**Work task:** There is one span to output from the data below: the lines starting at the line with "Sundae With Blueberry Sauce" and ending at the line with "Lustra Pendant Lamp". Output it exactly, ends included, nothing more.

BEGIN Source material

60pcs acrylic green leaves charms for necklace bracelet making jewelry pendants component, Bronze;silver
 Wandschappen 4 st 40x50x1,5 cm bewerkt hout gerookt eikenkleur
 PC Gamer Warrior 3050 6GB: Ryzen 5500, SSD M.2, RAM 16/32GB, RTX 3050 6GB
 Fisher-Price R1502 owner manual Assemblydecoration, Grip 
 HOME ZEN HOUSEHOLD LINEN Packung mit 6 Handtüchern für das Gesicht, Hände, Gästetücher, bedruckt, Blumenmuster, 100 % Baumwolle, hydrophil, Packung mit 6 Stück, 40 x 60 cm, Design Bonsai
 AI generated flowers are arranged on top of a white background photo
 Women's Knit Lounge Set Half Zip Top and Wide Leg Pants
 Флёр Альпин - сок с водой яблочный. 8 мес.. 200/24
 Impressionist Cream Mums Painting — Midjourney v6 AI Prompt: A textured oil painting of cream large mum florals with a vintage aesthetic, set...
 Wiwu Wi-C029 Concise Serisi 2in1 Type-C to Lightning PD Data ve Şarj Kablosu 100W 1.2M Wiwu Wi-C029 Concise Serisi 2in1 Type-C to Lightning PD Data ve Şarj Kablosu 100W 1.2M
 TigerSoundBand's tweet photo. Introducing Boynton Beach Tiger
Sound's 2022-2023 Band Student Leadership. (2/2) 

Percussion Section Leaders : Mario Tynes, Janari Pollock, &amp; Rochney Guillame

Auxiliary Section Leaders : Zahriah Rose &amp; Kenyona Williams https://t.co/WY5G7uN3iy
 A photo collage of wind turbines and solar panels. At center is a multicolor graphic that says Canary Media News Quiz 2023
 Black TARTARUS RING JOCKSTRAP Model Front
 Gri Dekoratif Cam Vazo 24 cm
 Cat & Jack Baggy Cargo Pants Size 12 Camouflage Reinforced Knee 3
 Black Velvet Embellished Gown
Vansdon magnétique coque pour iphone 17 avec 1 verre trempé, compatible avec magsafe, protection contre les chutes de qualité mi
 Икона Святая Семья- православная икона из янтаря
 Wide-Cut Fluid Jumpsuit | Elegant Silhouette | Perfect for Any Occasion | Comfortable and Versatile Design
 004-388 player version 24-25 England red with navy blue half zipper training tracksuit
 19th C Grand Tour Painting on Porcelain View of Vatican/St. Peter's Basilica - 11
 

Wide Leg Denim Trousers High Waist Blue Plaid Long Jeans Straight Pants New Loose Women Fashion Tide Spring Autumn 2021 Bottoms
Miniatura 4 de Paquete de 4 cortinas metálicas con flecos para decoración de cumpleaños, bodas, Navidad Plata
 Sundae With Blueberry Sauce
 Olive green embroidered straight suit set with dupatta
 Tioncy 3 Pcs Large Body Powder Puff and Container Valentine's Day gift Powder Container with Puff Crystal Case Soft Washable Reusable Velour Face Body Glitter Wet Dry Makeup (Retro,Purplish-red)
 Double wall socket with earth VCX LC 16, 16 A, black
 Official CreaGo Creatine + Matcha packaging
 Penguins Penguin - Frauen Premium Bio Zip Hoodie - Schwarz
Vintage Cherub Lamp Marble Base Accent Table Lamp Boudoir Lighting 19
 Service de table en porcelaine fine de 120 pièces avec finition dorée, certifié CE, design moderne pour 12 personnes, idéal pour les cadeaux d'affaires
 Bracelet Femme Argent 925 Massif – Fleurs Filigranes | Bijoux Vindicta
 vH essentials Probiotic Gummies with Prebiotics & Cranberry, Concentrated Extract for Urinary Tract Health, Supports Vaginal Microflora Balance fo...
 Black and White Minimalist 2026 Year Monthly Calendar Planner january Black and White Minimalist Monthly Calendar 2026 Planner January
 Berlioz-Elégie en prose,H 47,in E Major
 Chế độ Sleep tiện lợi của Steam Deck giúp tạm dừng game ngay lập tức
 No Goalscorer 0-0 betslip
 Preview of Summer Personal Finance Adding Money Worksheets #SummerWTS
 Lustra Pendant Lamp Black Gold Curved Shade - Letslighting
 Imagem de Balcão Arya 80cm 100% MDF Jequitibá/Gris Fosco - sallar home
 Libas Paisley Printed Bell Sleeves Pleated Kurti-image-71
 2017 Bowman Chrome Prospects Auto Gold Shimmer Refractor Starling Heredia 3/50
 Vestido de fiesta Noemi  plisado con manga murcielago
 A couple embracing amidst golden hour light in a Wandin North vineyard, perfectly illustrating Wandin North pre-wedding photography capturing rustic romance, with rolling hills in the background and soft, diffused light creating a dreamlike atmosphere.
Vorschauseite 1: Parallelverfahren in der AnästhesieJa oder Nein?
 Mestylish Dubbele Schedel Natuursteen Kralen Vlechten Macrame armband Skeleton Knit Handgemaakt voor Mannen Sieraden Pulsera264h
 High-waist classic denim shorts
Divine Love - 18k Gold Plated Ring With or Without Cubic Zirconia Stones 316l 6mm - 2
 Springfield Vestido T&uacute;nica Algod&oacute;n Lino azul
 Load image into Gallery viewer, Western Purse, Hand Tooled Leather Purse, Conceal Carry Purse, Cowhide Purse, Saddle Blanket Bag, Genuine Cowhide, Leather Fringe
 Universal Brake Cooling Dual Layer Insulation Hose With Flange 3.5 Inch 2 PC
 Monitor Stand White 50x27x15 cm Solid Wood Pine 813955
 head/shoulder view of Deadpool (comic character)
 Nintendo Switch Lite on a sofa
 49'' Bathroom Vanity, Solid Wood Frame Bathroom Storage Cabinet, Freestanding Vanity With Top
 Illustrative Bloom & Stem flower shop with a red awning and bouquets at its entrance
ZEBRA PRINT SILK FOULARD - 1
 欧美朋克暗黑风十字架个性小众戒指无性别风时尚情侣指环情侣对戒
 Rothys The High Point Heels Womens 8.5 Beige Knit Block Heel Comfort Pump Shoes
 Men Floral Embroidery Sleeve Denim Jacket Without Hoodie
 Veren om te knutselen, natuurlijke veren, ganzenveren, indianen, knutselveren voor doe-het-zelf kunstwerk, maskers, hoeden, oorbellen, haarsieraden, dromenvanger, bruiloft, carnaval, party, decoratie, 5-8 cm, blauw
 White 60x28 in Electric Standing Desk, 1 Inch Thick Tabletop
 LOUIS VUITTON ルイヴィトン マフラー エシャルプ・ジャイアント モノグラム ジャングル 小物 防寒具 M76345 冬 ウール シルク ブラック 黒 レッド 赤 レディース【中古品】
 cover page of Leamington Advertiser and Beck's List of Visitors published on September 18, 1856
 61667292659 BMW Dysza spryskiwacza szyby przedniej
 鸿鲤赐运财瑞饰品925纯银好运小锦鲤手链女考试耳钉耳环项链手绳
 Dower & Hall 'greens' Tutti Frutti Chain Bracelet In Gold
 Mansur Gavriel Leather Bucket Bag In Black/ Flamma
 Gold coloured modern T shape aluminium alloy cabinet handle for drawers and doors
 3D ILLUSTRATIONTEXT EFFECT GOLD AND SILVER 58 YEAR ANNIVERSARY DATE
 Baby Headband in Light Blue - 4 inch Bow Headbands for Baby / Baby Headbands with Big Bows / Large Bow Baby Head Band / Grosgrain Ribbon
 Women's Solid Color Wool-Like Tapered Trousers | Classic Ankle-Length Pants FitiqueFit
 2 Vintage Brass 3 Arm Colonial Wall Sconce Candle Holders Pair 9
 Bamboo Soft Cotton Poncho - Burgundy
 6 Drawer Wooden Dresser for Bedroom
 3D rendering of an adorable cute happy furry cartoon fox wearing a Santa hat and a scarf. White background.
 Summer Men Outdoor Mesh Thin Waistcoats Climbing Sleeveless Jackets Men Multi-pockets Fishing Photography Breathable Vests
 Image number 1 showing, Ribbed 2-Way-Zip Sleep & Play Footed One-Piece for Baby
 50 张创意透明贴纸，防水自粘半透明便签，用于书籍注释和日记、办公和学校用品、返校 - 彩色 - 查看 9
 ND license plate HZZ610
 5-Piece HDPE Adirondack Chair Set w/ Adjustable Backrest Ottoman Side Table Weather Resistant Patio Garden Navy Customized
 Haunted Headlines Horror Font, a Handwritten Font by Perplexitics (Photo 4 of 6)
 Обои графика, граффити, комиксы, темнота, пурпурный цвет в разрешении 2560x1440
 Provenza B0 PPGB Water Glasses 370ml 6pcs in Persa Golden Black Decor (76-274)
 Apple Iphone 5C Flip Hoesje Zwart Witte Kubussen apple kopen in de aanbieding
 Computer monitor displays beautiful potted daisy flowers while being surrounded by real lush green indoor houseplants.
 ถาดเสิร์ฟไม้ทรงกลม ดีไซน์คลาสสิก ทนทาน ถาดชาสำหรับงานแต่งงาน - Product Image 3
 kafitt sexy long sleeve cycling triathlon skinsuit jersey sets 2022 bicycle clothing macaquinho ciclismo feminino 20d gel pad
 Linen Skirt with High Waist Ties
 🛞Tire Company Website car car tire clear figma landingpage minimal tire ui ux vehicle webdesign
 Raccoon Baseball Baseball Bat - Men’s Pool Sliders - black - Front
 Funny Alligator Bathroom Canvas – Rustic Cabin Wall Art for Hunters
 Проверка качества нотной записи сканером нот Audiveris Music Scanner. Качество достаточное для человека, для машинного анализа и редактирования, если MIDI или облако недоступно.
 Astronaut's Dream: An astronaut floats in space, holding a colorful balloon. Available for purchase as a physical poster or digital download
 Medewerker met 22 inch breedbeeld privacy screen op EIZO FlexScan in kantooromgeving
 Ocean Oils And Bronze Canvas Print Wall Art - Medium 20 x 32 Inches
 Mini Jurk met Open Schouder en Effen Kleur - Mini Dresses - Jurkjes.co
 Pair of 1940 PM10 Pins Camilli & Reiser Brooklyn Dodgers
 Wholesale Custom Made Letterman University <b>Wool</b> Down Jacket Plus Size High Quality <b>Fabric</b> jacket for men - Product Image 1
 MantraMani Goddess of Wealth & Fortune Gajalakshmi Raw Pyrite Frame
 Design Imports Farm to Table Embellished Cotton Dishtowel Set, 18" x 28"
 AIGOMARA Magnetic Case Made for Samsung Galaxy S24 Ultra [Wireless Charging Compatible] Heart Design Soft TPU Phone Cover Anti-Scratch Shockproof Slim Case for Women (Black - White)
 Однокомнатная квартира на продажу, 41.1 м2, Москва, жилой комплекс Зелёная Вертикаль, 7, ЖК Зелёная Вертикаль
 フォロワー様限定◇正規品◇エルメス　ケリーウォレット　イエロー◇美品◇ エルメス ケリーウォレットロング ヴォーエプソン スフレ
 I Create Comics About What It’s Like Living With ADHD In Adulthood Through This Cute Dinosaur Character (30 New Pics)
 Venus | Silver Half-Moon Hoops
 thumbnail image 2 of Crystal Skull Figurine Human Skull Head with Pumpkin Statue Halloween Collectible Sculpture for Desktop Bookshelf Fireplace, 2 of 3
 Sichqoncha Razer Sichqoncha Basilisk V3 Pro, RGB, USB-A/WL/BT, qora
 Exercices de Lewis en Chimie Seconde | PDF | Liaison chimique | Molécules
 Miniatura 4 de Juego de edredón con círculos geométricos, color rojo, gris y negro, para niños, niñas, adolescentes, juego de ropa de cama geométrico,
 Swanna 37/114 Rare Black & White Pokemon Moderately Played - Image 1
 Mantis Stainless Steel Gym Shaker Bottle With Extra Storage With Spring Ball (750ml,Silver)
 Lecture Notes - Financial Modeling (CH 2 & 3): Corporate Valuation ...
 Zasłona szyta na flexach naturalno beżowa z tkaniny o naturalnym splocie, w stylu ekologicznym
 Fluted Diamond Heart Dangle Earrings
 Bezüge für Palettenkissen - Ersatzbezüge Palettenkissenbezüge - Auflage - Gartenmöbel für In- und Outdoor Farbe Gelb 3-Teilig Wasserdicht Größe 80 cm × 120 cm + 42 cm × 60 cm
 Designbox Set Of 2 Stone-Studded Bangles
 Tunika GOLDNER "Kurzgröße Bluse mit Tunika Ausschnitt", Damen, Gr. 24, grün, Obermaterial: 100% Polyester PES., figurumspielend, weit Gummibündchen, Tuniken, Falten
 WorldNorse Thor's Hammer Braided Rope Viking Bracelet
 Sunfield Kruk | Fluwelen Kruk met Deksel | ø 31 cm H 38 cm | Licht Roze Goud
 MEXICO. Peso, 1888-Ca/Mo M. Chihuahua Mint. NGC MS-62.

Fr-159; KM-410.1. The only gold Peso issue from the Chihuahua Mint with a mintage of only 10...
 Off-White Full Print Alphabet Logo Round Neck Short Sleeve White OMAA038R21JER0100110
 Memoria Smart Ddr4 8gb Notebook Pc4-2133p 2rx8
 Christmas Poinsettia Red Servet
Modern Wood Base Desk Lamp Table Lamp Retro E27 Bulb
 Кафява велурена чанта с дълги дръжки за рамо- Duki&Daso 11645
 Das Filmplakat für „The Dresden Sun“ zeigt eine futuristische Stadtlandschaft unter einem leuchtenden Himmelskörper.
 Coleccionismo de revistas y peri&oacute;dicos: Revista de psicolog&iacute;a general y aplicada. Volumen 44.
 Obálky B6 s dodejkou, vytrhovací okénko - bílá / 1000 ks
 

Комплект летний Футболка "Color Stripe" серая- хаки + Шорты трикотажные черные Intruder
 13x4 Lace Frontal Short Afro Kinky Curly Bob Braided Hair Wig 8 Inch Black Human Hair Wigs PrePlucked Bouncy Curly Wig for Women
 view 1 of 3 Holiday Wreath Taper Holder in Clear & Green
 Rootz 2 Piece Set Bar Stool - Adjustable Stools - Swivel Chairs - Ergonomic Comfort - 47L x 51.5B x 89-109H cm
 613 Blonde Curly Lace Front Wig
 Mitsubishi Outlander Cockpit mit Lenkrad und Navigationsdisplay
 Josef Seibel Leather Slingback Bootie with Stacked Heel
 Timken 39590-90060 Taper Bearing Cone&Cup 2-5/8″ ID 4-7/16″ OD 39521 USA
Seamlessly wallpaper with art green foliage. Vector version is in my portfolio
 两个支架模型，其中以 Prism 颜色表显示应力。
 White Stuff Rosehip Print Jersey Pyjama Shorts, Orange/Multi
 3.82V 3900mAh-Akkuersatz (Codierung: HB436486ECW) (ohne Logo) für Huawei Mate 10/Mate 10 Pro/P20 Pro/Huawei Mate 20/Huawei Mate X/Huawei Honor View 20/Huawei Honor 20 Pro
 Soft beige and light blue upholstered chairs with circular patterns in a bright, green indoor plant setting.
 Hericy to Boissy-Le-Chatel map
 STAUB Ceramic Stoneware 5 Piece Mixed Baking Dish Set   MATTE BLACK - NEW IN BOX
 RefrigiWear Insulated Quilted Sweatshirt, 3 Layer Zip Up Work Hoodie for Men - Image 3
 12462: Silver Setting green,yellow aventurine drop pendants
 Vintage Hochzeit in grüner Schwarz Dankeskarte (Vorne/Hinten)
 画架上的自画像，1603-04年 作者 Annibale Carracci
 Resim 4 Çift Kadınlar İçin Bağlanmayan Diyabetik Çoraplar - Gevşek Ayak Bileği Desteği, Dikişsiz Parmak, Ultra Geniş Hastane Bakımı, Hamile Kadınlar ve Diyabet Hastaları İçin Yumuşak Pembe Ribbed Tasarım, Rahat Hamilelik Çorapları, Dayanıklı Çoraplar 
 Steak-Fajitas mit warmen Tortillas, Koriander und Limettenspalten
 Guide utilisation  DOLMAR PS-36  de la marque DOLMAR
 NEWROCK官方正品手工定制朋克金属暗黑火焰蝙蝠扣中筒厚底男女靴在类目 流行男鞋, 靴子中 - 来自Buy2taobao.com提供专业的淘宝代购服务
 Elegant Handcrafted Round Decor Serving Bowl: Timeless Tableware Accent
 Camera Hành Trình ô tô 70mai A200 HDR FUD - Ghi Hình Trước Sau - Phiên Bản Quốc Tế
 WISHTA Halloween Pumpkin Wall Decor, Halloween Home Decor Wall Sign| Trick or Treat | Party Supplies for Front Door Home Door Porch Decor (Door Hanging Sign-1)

END Source material

**Written solution:**
 Sundae With Blueberry Sauce
 Olive green embroidered straight suit set with dupatta
 Tioncy 3 Pcs Large Body Powder Puff and Container Valentine's Day gift Powder Container with Puff Crystal Case Soft Washable Reusable Velour Face Body Glitter Wet Dry Makeup (Retro,Purplish-red)
 Double wall socket with earth VCX LC 16, 16 A, black
 Official CreaGo Creatine + Matcha packaging
 Penguins Penguin - Frauen Premium Bio Zip Hoodie - Schwarz
Vintage Cherub Lamp Marble Base Accent Table Lamp Boudoir Lighting 19
 Service de table en porcelaine fine de 120 pièces avec finition dorée, certifié CE, design moderne pour 12 personnes, idéal pour les cadeaux d'affaires
 Bracelet Femme Argent 925 Massif – Fleurs Filigranes | Bijoux Vindicta
 vH essentials Probiotic Gummies with Prebiotics & Cranberry, Concentrated Extract for Urinary Tract Health, Supports Vaginal Microflora Balance fo...
 Black and White Minimalist 2026 Year Monthly Calendar Planner january Black and White Minimalist Monthly Calendar 2026 Planner January
 Berlioz-Elégie en prose,H 47,in E Major
 Chế độ Sleep tiện lợi của Steam Deck giúp tạm dừng game ngay lập tức
 No Goalscorer 0-0 betslip
 Preview of Summer Personal Finance Adding Money Worksheets #SummerWTS
 Lustra Pendant Lamp Black Gold Curved Shade - Letslighting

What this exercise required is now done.